Of course, there are some downsides to the side-pull faucets—chiefly, the cost. Besides being more difficult to source, each Czech-made side-pull unit costs between $200 and $300—a far cry from the $49.95 Perlik flow-control faucets common in tasting rooms from coast to coast. Installation can also be a challenge, as the units require minor modification to work on direct-draw systems, and their longer shanks are incompatible with many draft towers. Once they’re installed and properly set up, more challenges follow, mostly related to learning to use them (and learning how to sell the service style to customers, who may demand fuller glasses with less foam). “There’s a little bit of a learning curve,” Master Cicerone Witte says of the pouring technique.

There are two main differences that run counter to standard draft procedures. First, instead of on-or-off, the flow is controlled by how far the tap handle is pulled—opening the tap only a little creates more foam, while fully opening the tap results in more clear liquid beer flowing. Second, after the initial stage of the pour that lays a layer of foam in the glass, the faucet tip is submerged in the foam so that liquid beer fills the glass from below—a taboo in modern American service practices. In this case, best practices are to wipe down the outside of the faucet with sanitizer after each pour and, of course, to follow a rigorous maintenance schedule. That’s another downside to the faucets: “They can need quite a bit more maintenance,” says Carter. There are lots of small parts, disassembly is required for a thorough cleaning, and reassembly can be challenging until you’re comfortable with the differences.

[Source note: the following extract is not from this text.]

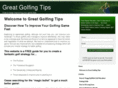 great-golfing-tips.com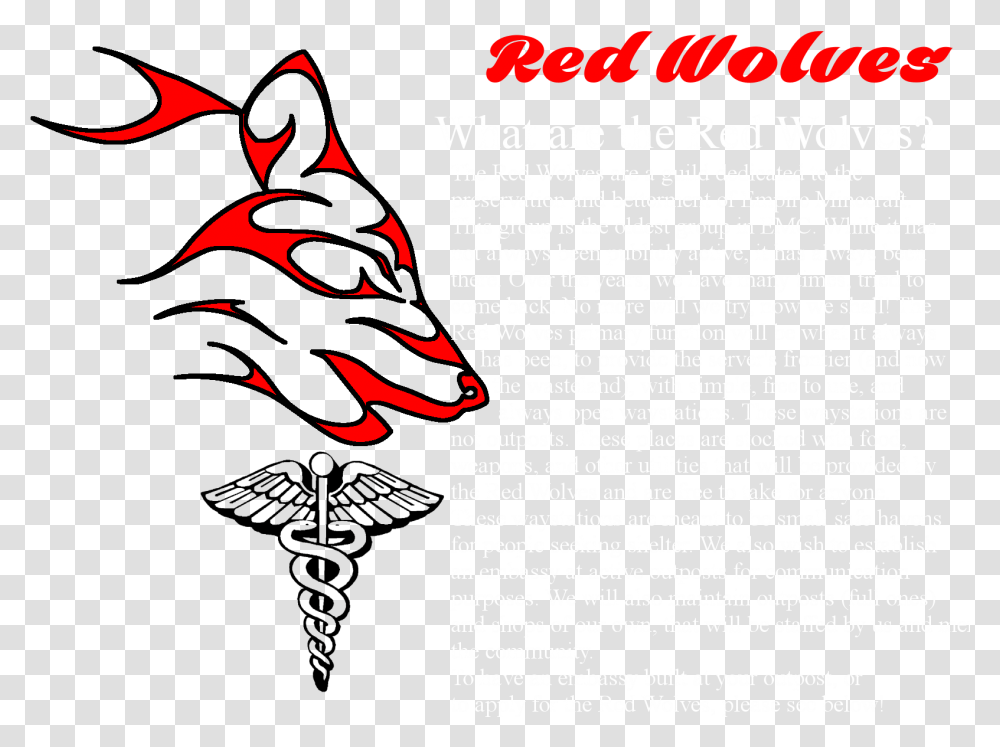 Minecraft Wolf Medical Symbol, Advertisement, Poster, Person Transparent Png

Are side pulls and slow pours gimmicky? Sure, but it’s just the kind of gimmick on which American beer culture thrives. Side-pull faucets and the slow-pour techniques they facilitate “fit very well into modern American beer culture’s embrace of obscure traditions and drive to adapt those authentic methods into new traditions,” Witte says. It is both an embrace and a rejection of an older beer culture, and the drama inherent in the towering foam shines a spotlight on how a beer is served.

In a world with more options for beer and bars than ever, a focus on excellence in service is critical for continued development of our own beer culture. Ashleigh Carter puts it succinctly: “The more we pay attention to how a beer is served, the more we elevate this industry.”